Examples of specific content regulation are (a) the requirements that stations reveal their call letters at designated times, and the names of those paying for commercials, and (b) the prohibition of the broadcast of seven specified words, or what is found to be “indecent” television programming.
Examples of non-content-specific categories of regulation are in the FCC’s 1946 “Blue Book” of broadcasters’ responsibilities: the broadcast of non-sponsored “sustaining programming,” locally produced programs, discussion of public issues, and reduced numbers of commercials. Others include the political and public issue regulations: candidates’ rights to an “equal opportunity,” federal candidates’ rights to buy reasonable access, and the right to answer personal attacks. The Fairness Doctrine (now repealed) required that stations cover “controversial issues of public importance” and in doing so provide a range of views. Finally, there were requirements for ascertaining, and then programming about, local issues, and providing children’s programs.

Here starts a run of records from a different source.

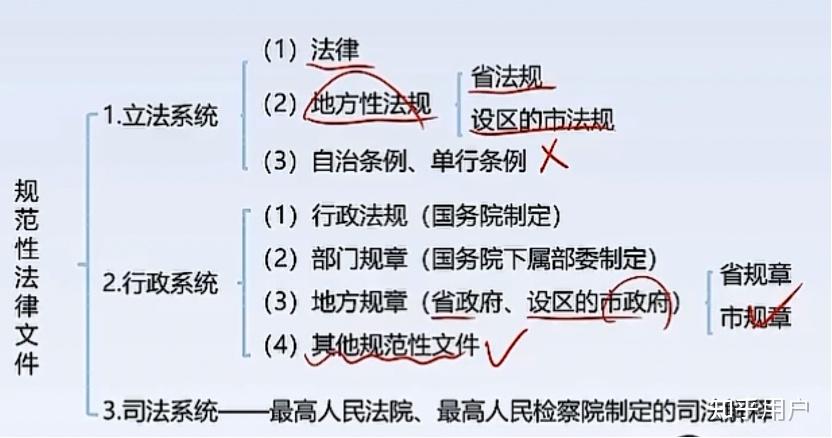什么是规范性法律文件？ - 知乎
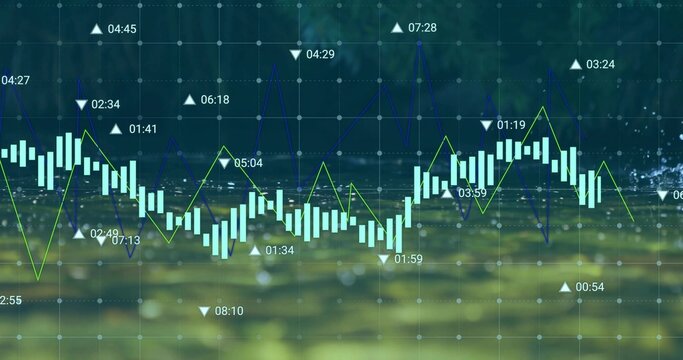 Showing data on digital grid candlesticks and neon-green or dark-blue line graphs with annotations - Powered by Adobe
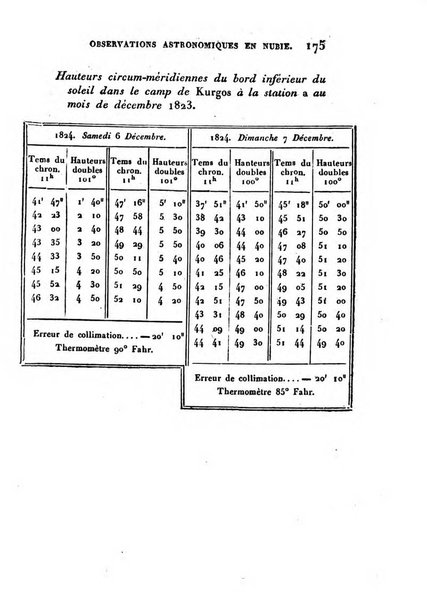 Correspondance astronomique, geographique, hydrographique et statistique du Baron de Zach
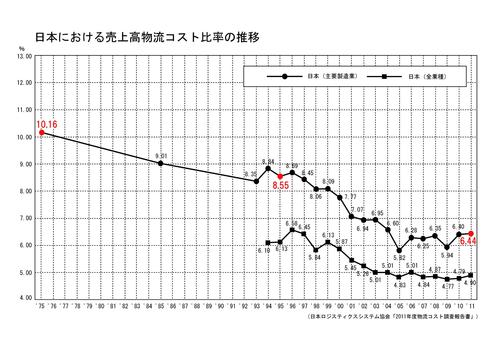 %E5%A3%B2%E4%B8%8A%E9%AB%98%E7%89%A9%E6%B5%81%E3%82%B3%E3%82%B9%E3%83%88%E6%AF%94%E7%8E%87%E3%81%AE%E6%8E%A8%E7%A7%BB%E3%80%90%E8%BB%BD%E3%81%84%E7%89%88%E3%80%91.JPG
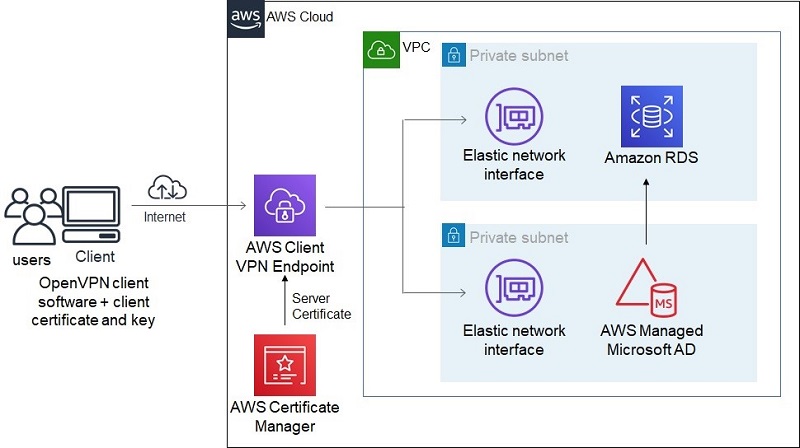 The following diagram, shows the high-level architecture of an example scenario of using AWS Client VPN and connecting to an RDS instance.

There is an inherent internal conflict once for-profit corporations control the media. As they maximize profits, they minimize public service. The audience for “low” programming earns the broadcaster more advertising dollars than educational, informational or cultural programming.
“Agency capture” by the industries they are supposed to regulate occurs for a variety of reasons. “Sub-governments” emerge in which all major stakeholders participate and tend to agree. The “revolving door” creates agency administrators and employees from inside the industry to which they later return. There is little incentive for tough regulation. Industry representatives provide campaign contributions to legislators, and lobby them and White House staff. Thus, even if the FCC were to become an effective regulator, it would confront the industry’s countervailing force from elsewhere.
Regulation of the excesses of commercial mass media in a democratic society, at least in the United States, is far from perfect – whether done by an “independent regulatory commission” or as part of one of the President’s cabinet departments.
What is the answer for America? My preference would be non-commercial public broadcasting, with opportunities for as many individuals and institutions as possible, including rules requiring access for all citizens. But that horse has not only left the barn, it never was in the barn – not in America.
Open access and net neutrality was the way we originally designed and operated the Internet. Today, even Internet free speech is beginning to be closed off by the forces of commerce.
Clearly, America’s efforts to regulate commercial broadcasting have not created utopia. But what are our alternatives? As Britain’s Prime Minister Winston Churchill famously said of democracy in 1947, “democracy is the worst form of government except all those other forms that have been tried from time to time.”
Similarly, the U.S. FCC’s regulation of commercial media may be our “least worst alternative.”
Handout
for
A Japanese ‘FCC’: A Former
U.S. FCC Commissioner’s Perspective
Japan Society for Studies
in Journalism and Mass Communications Workshop
Kansai University, Osaka-Suita;
July 4, 2010
Nicholas Johnson
DPJ proposed a “Japanese FCC”
U.S. can gain insights and ideas from Japanese experience; and possibly Japan from U.S.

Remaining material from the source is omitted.